Today I decided to have a closer look at the competition winners and to go back and look at the comments to my own post after the winners were announced.
The biggest question mark, both for the competition and for the city itself as courtyard housing potentially goes forward, is what the shared open space is really for. Is it a place for people to park their cars, and then for kids to play on as an afterthought? Or is the courtyard meant to be a green space without autos or a concrete/asphalt surface?
The city has a difficult balancing act to pull off in a situation like this. They have to be pragmatic about what the market wants (or its perception) and what developers are likely to build. Indications from the buying public is that they usually strongly prefer having off-street parking, so developers naturally respond to that and the city in turn. But when you have a design competition involving courtyards, as many people have pointed out, that traditionally refers more to a green open space.

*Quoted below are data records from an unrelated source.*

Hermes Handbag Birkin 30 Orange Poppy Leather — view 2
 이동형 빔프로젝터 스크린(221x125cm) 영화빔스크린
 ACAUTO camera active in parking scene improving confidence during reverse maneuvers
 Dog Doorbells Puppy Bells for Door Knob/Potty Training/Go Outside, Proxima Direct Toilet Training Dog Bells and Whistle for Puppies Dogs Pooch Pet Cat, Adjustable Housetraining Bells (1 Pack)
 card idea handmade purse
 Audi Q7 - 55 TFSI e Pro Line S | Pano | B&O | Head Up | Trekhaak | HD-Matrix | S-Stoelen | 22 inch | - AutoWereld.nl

A large motivating factor for the city in holding the courtyard housing competition is to provide affordable housing options for families. That means more bedrooms and open space outside. So the better family option, you could argue, is courtyards with greenery, not asphalt. And for those of us who are looking at these designs not as possible future dwellings of our own, but merely as additions to the city we judge aesthetically, a true courtyard without the parking-first mentality is a much more attractive looking space. But if you're a developer looking to bet your business on a multi-unit project like this, removing on-site parking could be a major gamble.
Looking at the entries, I quicly felt torn about what my criteria should be. My natural inclination was to search for images of good-looking architecture. It's more fun to look at nice sculptural aspects of architecture than to ponder site plans and stormwater treatment strategies. Yet that's of course a much different means of valuation than it would be for someone expecting to live or build there.
For example, looking at the Inner Portland category (there was also an outer category), I liked the second and third place (the Merit and Citation) award winners pictured above better aesthetically than the top prize winner, the honor award (pictured below). The Merit and Citation winners had more clean-lined, handsome architecture to them, although the top Honor award winner was arguably at a more appropriate scale for a starter family home and seemingly of rougher, cheaper materials. So it's hard for me to say I disagree for the jury, even as I feel pretty sure I know I would prefer at least a couple of the runners up as better looking additions to the city.
Having said all this, the real issue may not be aesthetics or even planning, but the process of getting developers to build these designs. On its website FAQ, the competition text says, "The City of Portland intends to facilitate built projects based on the winning designs, potentially through means such as providing funding to aid in adapting designs to actual building sites and through encouraging developers to partner with winning designers in an anticipated design-build competition." Will this fulfill the promise of better designed high-density architecture? After all, that's the whole point.